DATASET RECORDS:
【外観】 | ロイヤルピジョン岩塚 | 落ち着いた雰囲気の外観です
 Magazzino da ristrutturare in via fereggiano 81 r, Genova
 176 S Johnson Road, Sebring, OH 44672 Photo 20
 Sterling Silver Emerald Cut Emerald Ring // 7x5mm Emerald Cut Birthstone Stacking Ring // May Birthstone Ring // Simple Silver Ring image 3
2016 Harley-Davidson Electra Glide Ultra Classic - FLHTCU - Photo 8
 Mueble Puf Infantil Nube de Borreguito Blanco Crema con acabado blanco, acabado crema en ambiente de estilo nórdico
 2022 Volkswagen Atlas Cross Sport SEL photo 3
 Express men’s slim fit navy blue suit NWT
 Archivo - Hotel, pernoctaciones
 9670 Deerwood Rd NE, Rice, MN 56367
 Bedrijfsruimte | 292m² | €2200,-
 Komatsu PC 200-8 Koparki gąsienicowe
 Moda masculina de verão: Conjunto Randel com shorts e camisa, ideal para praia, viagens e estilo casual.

INSTRUCTIONS TO FOLLOW: Lines holding the word "estilo" are the answer; copy every one from the records above.

PROBLEM SOLUTION:
 Mueble Puf Infantil Nube de Borreguito Blanco Crema con acabado blanco, acabado crema en ambiente de estilo nórdico
 Moda masculina de verão: Conjunto Randel com shorts e camisa, ideal para praia, viagens e estilo casual.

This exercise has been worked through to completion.